China's birth rate in 2020 is likely to be 8.52 per 1,000, below 10 for the first time, while the natural population growth rate during the same period is expected to be 1.45 per 1,000, according to China Statistical Yearbook 2021 released by the National Bureau of Statistics.
Data show the natural growth rate in 2020 is likely to be less than 25 percent of what it was a decade ago. In particular, since the implementation of the two-child policy in 2016, the natural growth rate has dropped from 6.53 per 1,000 to 1.45 per 1,000, with the decline accelerating since 2017. As for the birth rate, it fell from 13.57 per 1,000 in 2016 to 8.52 per 1,000, a precipitous decrease by all accounts.
This declining trend is expected to continue in 2021 and beyond.
That the birth rate has fallen below one per cent means the trend of a declining birth rate which started in the early 1970s continues and China will experience zero-population growth earlier than estimated (the original estimate was after 2027).

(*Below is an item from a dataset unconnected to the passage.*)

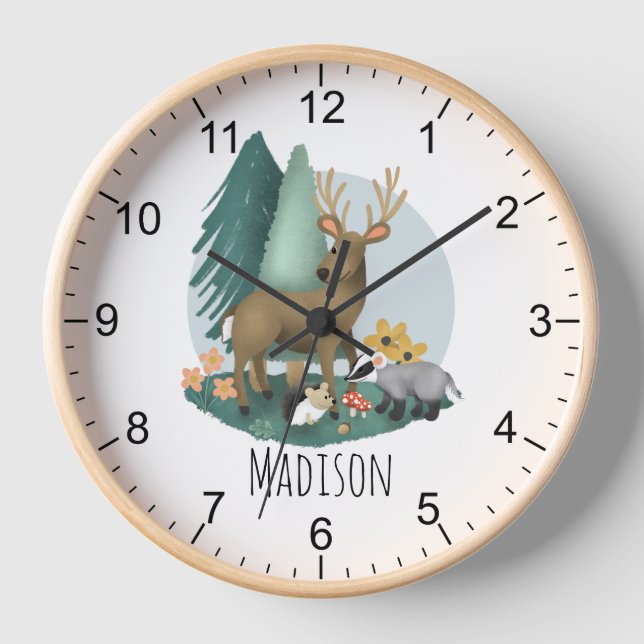 Cute Rustic Woodland Forest Animals Baby Nursery Clock (Front)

Also, the population of women aged between 20 and 29 years decreased by 34.63 million from 2010 to 2021. Which shows China’s low fertility rate is driven not only by fewer couples wanting to have children but also by the decline in the number of childbearing age women.

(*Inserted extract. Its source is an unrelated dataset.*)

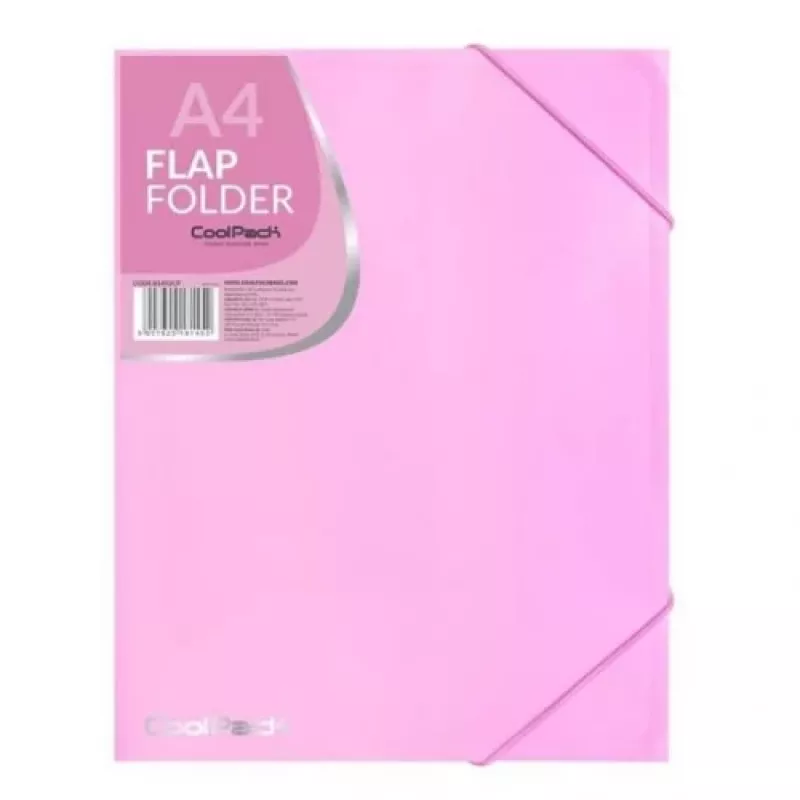 Carpeta plegable Coolpack PP, A4, rosa pastel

The birth rate falling below one per cent is a major turning point in China’s demography. Driven by a low fertility rate, the decreasing young population may exacerbate the economic slowdown, because according to population development rules, an imbalance in population age structure could cause a labor shortage even in the most populous countries.
Since 2012, China’s working-age population has been decreasing by several millions each year, with the total decrease exceeding 40 million. China’s population increased by 7.37 million in 2017, 5.3 million in 2018, 4.67 million in 2019 and 2.04 million in 2020, showing a declining population growth trend.

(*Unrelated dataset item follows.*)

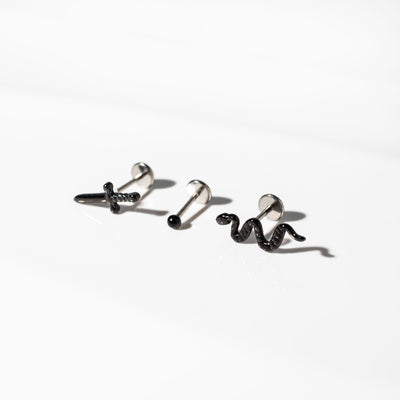 The Mystique Jet Black Titanium Flat Back Earrings Set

What has complicated this problem is the country’s rapidly aging population. The resulting imbalance in the population age structure is not conducive to the long-term, balanced development of the population. So China needs to take measures to ensure population security in order to strengthen overall national security. Indeed, a balanced population age structure and a healthy population growth rate are vital to safeguarding overall national security.
Building a fertility friendly society and realising long-term balanced population development are also necessary to achieve sustainable development and national rejuvenation. So China should maintain the near-replacement fertility rate (total fertility rate of 1.8-2.5) to ensure the sustainable development of the population.
However, there are certain differences in the fertility rate in urban and rural areas, and among social and ethnic groups. So the authorities should help couples among population groups that have a strong fertility will to have more children, reduce the pseudo-low fertility (that is, low fertility caused by cost constraints), identify the groups with higher fertility potential, such as those living in remote or ethnic minority areas, and then provide all-round support to the wider population, in order to raise the fertility rate to a healthy level.
In short, China needs a family-friendly policy and system to develop a new type of fertility culture, with the relevant policies reflecting the meaning of life and ensuring that people respect women’s reproductive rights, and employers do not discriminate against women who choose to have more than one child.
The government should also strengthen social welfare services and social security, so as to improve the tangible well-being of the people by, for instance, providing “baby bonus” and longer maternity leave for new mothers, and better protecting the rights and interests of women.
Mu Guangzong is a researcher at the China Arms Control and Disarmament Association. The views don’t necessarily reflect those of China Daily.